ASDers, do you fake eye contact?

  • Yes

    Votes: 23 59.0%
  • No

    Votes: 10 25.6%
  • I'm not sure

    Votes: 3 7.7%
  • Other

    Votes: 3 7.7%

  • Total voters
    39
Yes, force yourself to look is how I would put it.
It is needed especially if you are trying to convey something sincerely.
I just can't hold a good conversation if I am having to think about eye contact and if
I'm trying to explain something or tell a story, it will only get me confused in my concentration and speech.
Same with listening.
They think you aren't if you don't look at them with some eye contact.
But, it's just the opposite for me. I won't be able to concentrate on what they are telling if I have to look
at them in the eyes. Then it won't be retained as it should.

Out in the crowd, I just don't make eye contact at people around me or just walking by.
If one should speak the expected " Hi, how are you today?"
A smile and nod is usually what I do. Sometimes I say OK in a soft tone.
 
I only make eye contact when needed. Like when I'm talking to authority or shaking hands, or if I want to impress someone. Still, it doesn't come natural to me and I really have to put an effort into maintaining that contact. It's rather painful, so I try not to use it to often.
 
How do I know others aren't faking it too or if I'm faking it myself? What is fake eye contact anyways?

I really don't have a straight answer for this without any further info, so I don't know. I do do it, yes, but I usually do it in brief stints.
 
I think one of the reasons I find social interactions so exhausting, is for this very reason. I’ve studied body language, and have become quite adept at mindfully controlling it. It’s not natural, it’s not autonomic, so this ends up taking A lot of bandwidth from my mental resources. The extra focus that this takes, doesn’t help me be less awkward. LOL, but it is what it is.
 
If by "fake it" you mean look at their mouth or the bridge of their nose while talking, then yes.
 
I was literally "programmed" as a child in being told by my NT parents exclusively that not looking someone in the eye projects deception.

Does that mean it's not so much a free choice as much as something you can't stop doing even when you want to stop?

However, I do dispute the wording: fake. Signifies falsehood; lying etc and that cannot be applied to ones who genuinly feel overwhelmed.

I don't mean to imply any sort of bad intent from those who force themselves to make eye contact solely because they know or believe it is expected.
 
But, it's just the opposite for me. I won't be able to concentrate on what they are telling if I have to look
at them in the eyes.

I'm the same. I can't process everything at the same time.
How do I know others aren't faking it too or if I'm faking it myself? What is fake eye contact anyways?

I really don't have a straight answer for this without any further info, so I don't know. I do do it, yes, but I usually do it in brief stints.
If by "fake it" you mean look at their mouth or the bridge of their nose while talking, then yes.

I don't know how to explain it any better than with the comparison to forcing laughter because everyone else is laughing, even though you don't understand what they're laughing at/why they're laughing. As compared to laughing because you find something funny or are experiencing the contagious laughter phenomenon.
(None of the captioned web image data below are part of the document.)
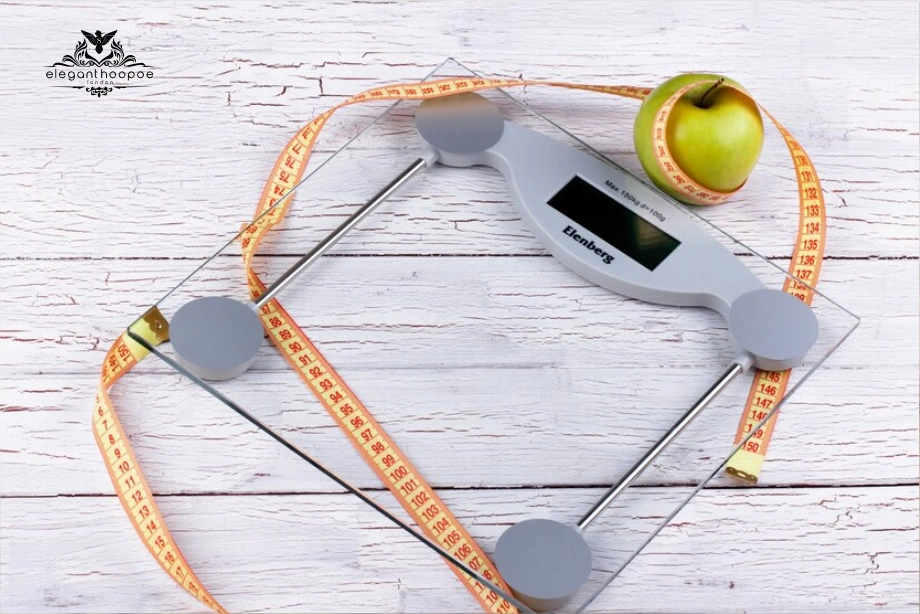 Glass digital scale wrapped in tape measure with green apple, reinforcing the role of BMI calculator with body measurements in maintaining health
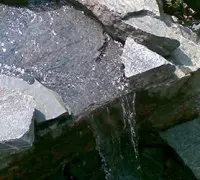 small waterfall into pond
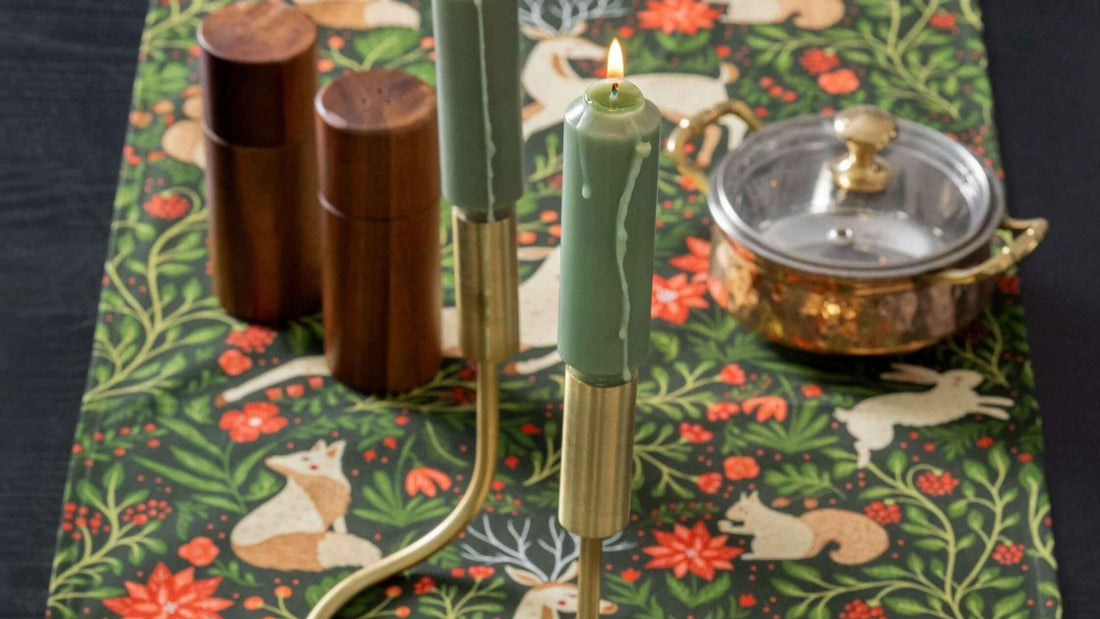 Evergreen Christmas Forest Table Runner featuring woodland animals, greenery, and red florals, styled with green taper candles and festive tabletop accents.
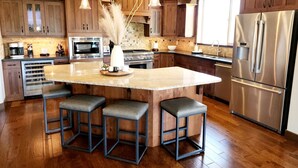 Una cocina moderna con armarios de madera, electrodomésticos de acero inoxidable y una isla central con taburetes de bar.
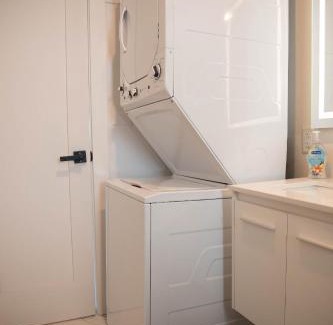 Peak's Suburban Addition Apartment | Contemporary Chrome Escape: Family-Friendly Stay Awaits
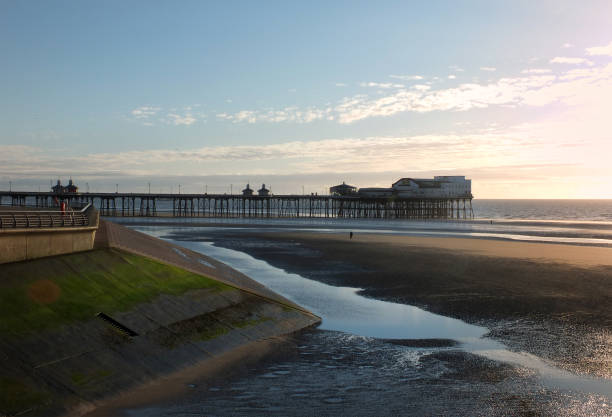 view of blackpool north pier at sunset with the promenade and beach illuminated by evening sunlight - north pier imagens e fotografias de stock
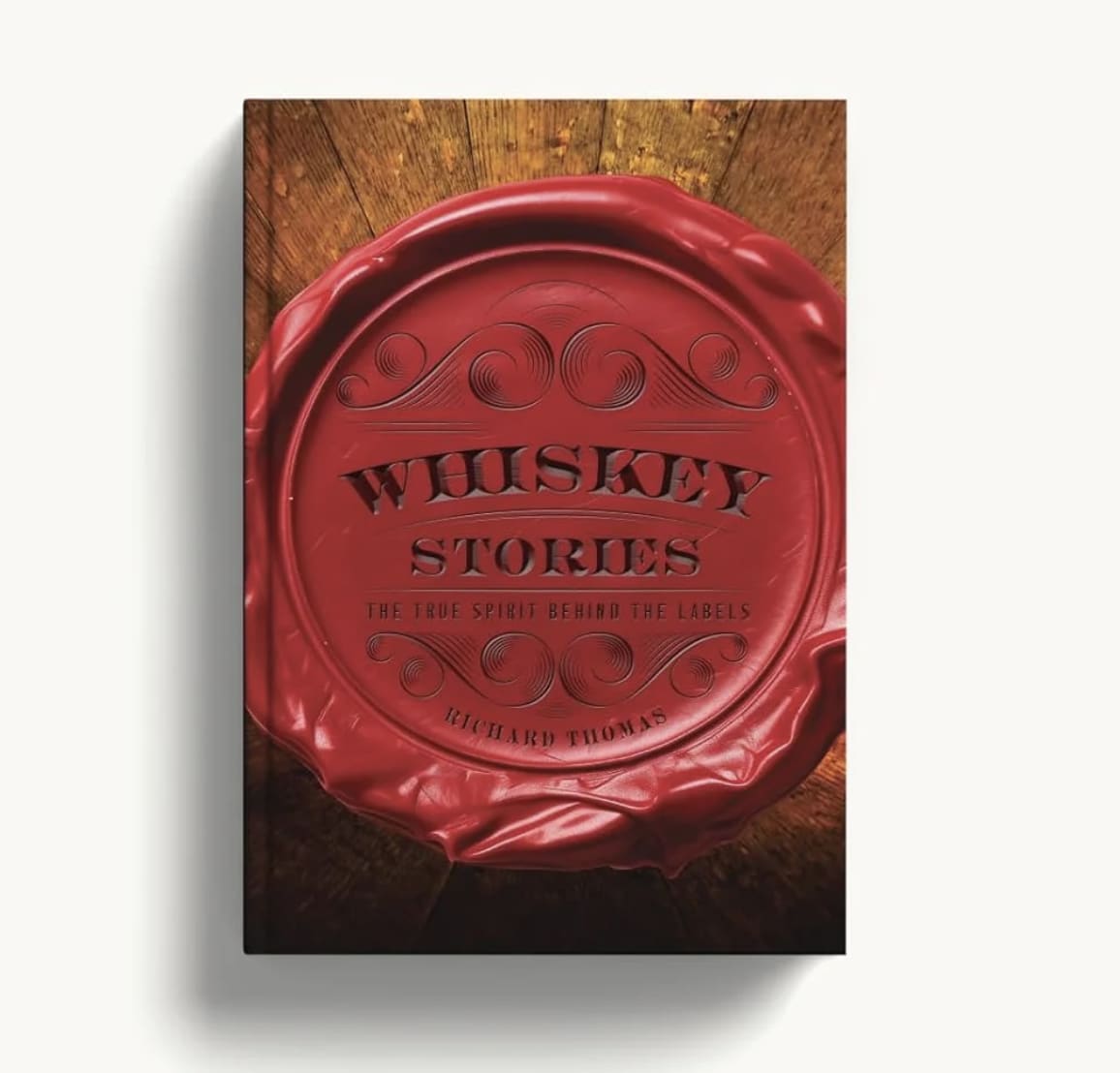 Red whiskey bottle cap on a wooden surface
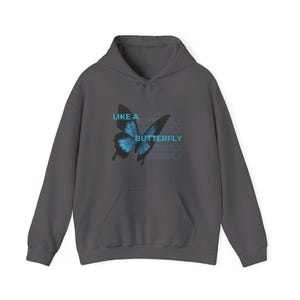 Könnte beinhalten: Ein anthrazitfarbener Kapuzenpullover mit einem blauen Schmetterlingsmotiv und dem Text "LIKE A BUTTERFLY" in hellblauer Schrift. Der Kapuzenpullover hat eine Vordertasche und eine Kapuze mit Kordelzug.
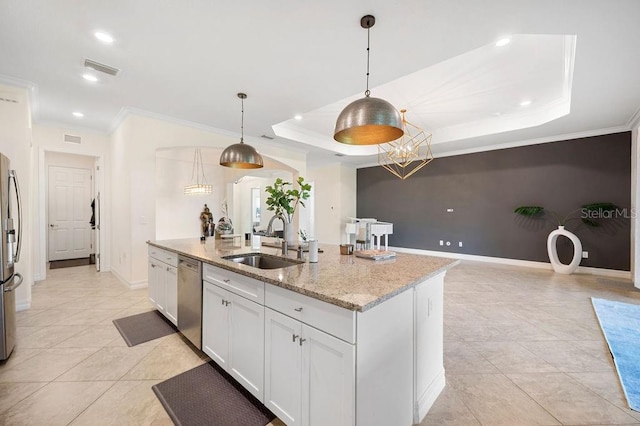 kitchen featuring light stone countertops, sink, a raised ceiling, decorative light fixtures, and white cabinets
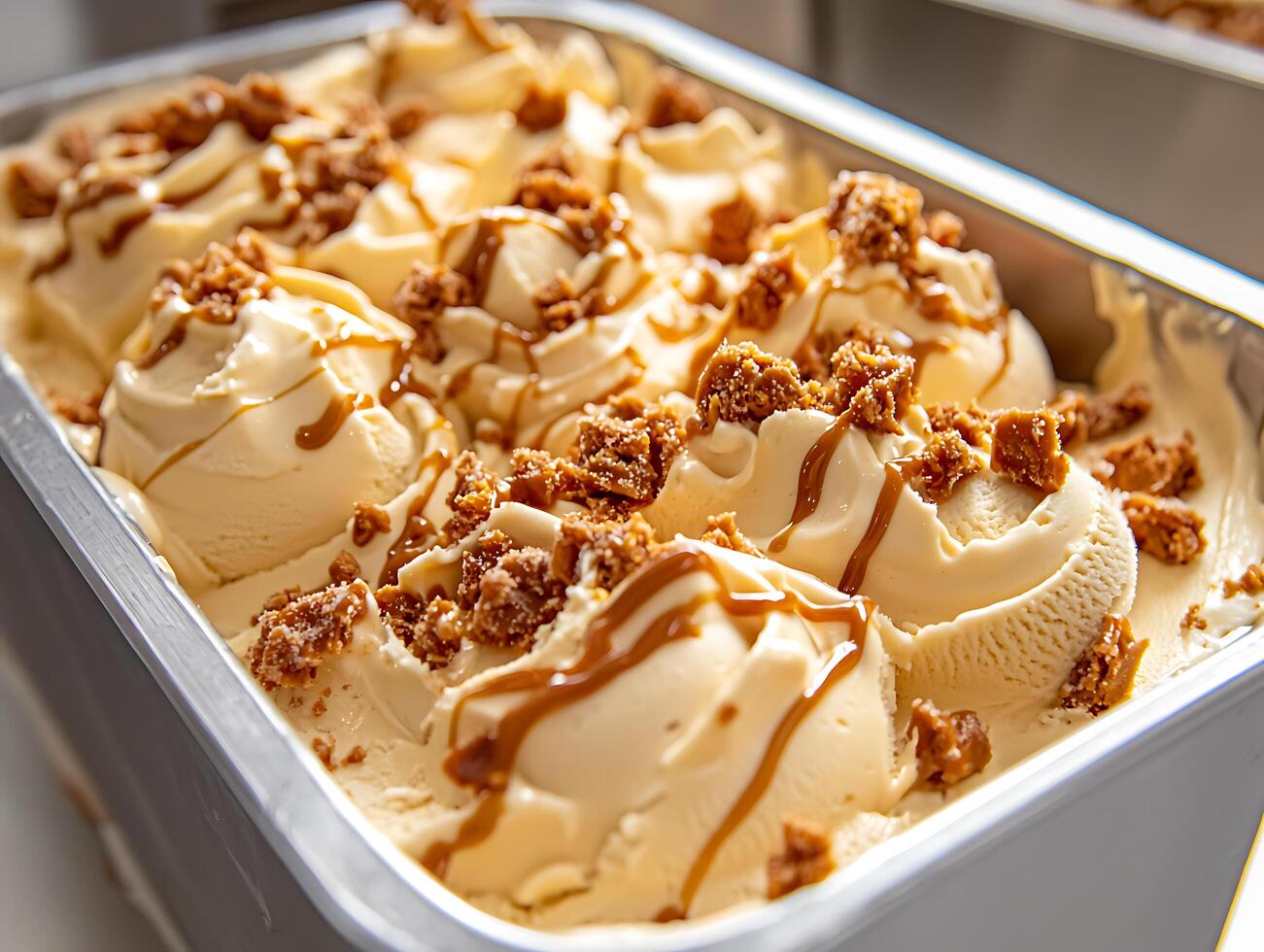 Caramel ice cream with toffee pieces photo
I suppose the boundary line isn't really clear....it just seems that some people have rules about forcing eye contact that they generalize to every situation....as opposed to just making ad hoc eye contact when one specific interaction seems to call for it, or looking at people's faces because you want to see their expression.
 
Does that mean it's not so much a free choice as much as something you can't stop doing even when you want to stop?

It was simply my parents giving me an offer much like Vito Corleone and Luca Brazzi made to a bandleader which he could not refuse. o_O
 
I mostly imply eye contact by looking at the person's nose - and no one's noticed the difference so far. I don't find eye contact useful, as I tried it several times and ended up just getting distracted from what I was saying (I felt like I was being almost physically 'pushed back', more specifically), but I know for a lot of people (especially in formal environments) it's expected, so I do the second-best thing. I've also taken to looking at someone's nose for a while, then switching to follow their hands if they make a gesture, so I'm not looking like I'm staring them out.
 
I don’t fake it. Meaning I look at their eyes rather than another point on their face. But I can’t make eye contact when I speak. Trying to focus on words AND non verbal communication is way too hard.
 
Today this was mentioned about me.
At first I didn't know it was me they were talking about.

Saying I look away .
They said it's what liers do.

I think people who lie would look at you to really sell the story
 
Today this was mentioned about me.
At first I didn't know it was me they were talking about.

Saying I look away .
They said it's what liers do.

I think people who lie would look at you to really sell the story

I think there is no universal way to tell who is lying to you and who is not.

The thing about averting your gaze when lying is, I think, based on the assumption that people have some kind of "tell" in their facial expression when they lie (maybe based on shame or fear of being caught or something like that).

But it totally ignores the existance of confident liars, the existance of highly skilled liars who have no tell in their facial expression, and the huge number of other reasons a person might not be making eye contact (shyness, exhaustion, being distracted, anxiety/fear/shame/embarrassment about things that have nothing to do with lying, light sensitivity, sadness, inability to focus on two channels of sensory input at the same, need for many streams of sensory input at the same time to be able to focus on one, instinctive discomfort with direct eye contact, and whatever else).
 
Eyebrows and laughter lines at the corners are good targets, unless you’re distracted easily and find yourself searching for symmetry in the eyebrows.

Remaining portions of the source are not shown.